The final remaining member of the Royal Cayman Islands Police Service command staff suspended in March 2008 over allegations of misconduct in a public office has departed the law enforcement agency.  

RCIPS Chief Superintendent John Jones’ contract came to an end in late May 2012 and was not renewed, according to police officials. Mr. Jones has returned to his native England.  

He could not be reached for comment and RCIPS offered no other statements about the senior officer’s departure. Superintendent Kurt Walton is acting in the role of chief super, but no full-time replacement has been appointed.  

Along with former RCIPS Commissioner Stuart Kernohan and former Deputy Commissioner Rudolph Dixon, Mr. Jones was placed on required leave following the announcement of an investigation into various alleged misconduct within the police service. Mr. Kernohan was dismissed from his post later in 2008 after refusing to return to the Islands on orders of the then-governor. Mr. Dixon retired from the police service after he was cleared of criminal allegations in connection with the case and awarded what was reported as a six-figure settlement by government.  

Mr. Jones, who remained on paid leave between March 2008 and August 2009, eventually came back to work with the RCIPS as of 31 August, 2009.  

“Chief Superintendent Jones has at all times conducted himself responsibly and professionally since being placed on required leave on 27 March, 2008. He remains a valuable RCIPS member and I am delighted that he will be back on duty next week,” Commissioner David Baines said at the time. “I have discussed the situation regarding Mr. Jones with HE the Governor, Mr. Stuart Jack CVO who agrees and whole-heartedly supports an immediate return to work.” 

The former chief superintendent was never arrested or charged and was publicly notified on 1 May, 2009, by former Acting Commissioner of Police James Smith that no criminal charges would be laid and all inquiries were concluded. 

A review was conducted to determine whether or not disciplinary action was warranted against Mr. Jones. After considering the officer’s alleged administrative failings, Commissioner Baines concluded that a disciplinary hearing would be disproportionate in light of the alleged breach of conduct. 

Mr. Jones was one of the few remaining individuals in the RCIPS or the local government who had a direct connection to the two-year, $10 million police misconduct probe. In addition to Messrs.

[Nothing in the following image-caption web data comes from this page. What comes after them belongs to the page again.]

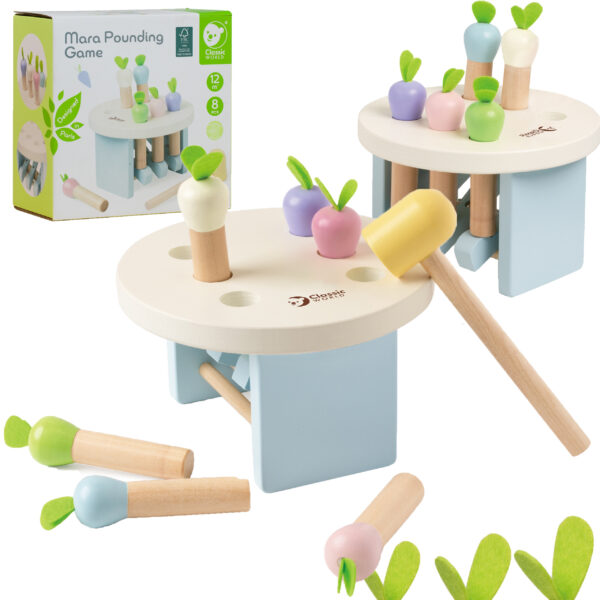 export CLASSIC WORLD Drewniana Zabawka Uderz Marchewkę z Młotkiem 8 el.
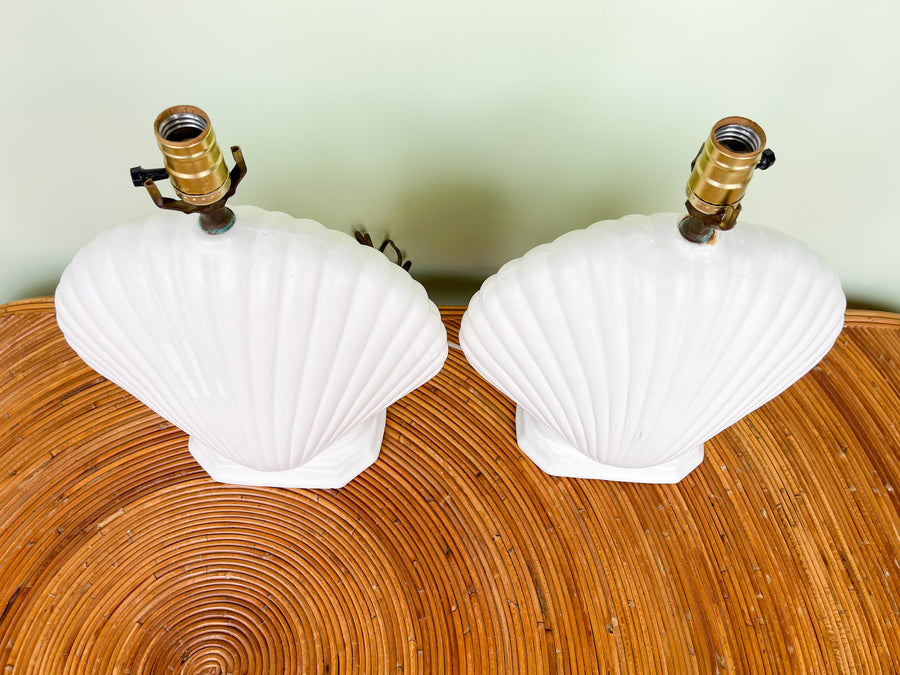 Pair of Plaster Clam Shell Lamps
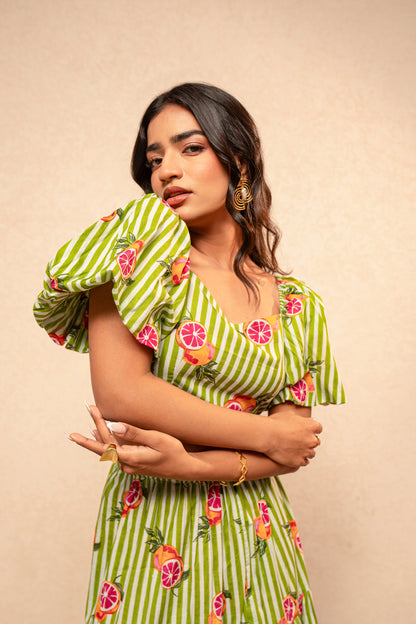 EDWINA GREEN PRINTED STRIPED COORD SET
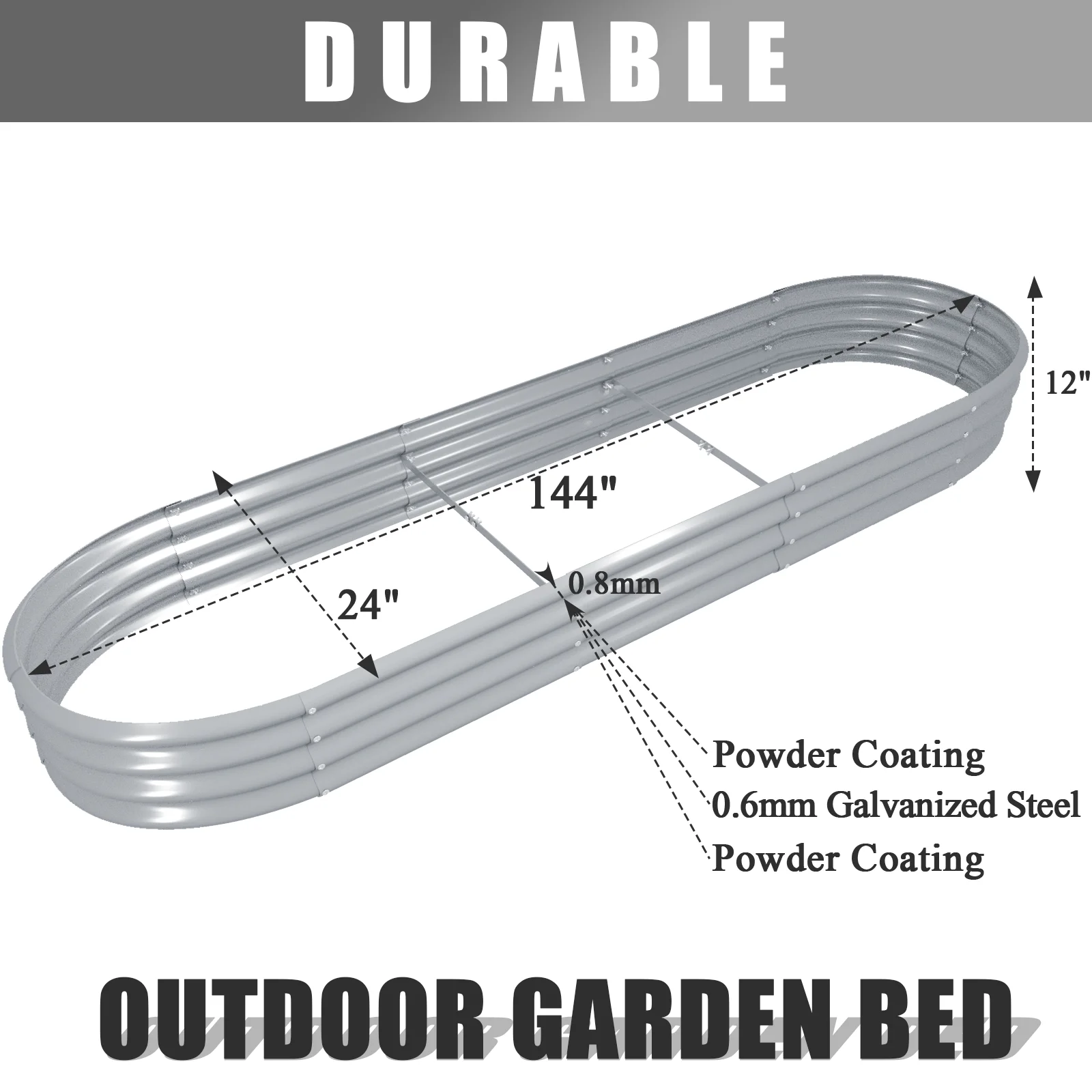 Tramull 12x2x1FT Galvanized Raised Garden Bed Kit Oval Metal Ground Planter Box Outdoor Bottomless Planter Raised Beds for Vegetables Flowers Herbs Fruits, Gray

Kernohan and Dixon, former Cayman Islands Governor Stuart Jack left the Islands at the end of 2009. Former Deputy Governor Donovan Ebanks, who was part of the strategic oversight committee for the Operation Tempura investigation, retired earlier this year.  

RCIPS Deputy Commissioner Anthony Ennis, who became embroiled in the initial police misconduct investigation that led to Operation Tempura, is still with the department. He was never directly implicated in the portion of the misconduct probe that became known as ‘Tempura’ and all allegations against him were quickly dismissed by investigating officers from the United Kingdom.  

Lawsuits filed against the government by Mr. Kernohan and former RCIPS Inspector Burmon Scott have not yet been disposed of. Mr. Kernohan’s matter is scheduled to come before the Cayman Islands Grand Court toward the end of this year.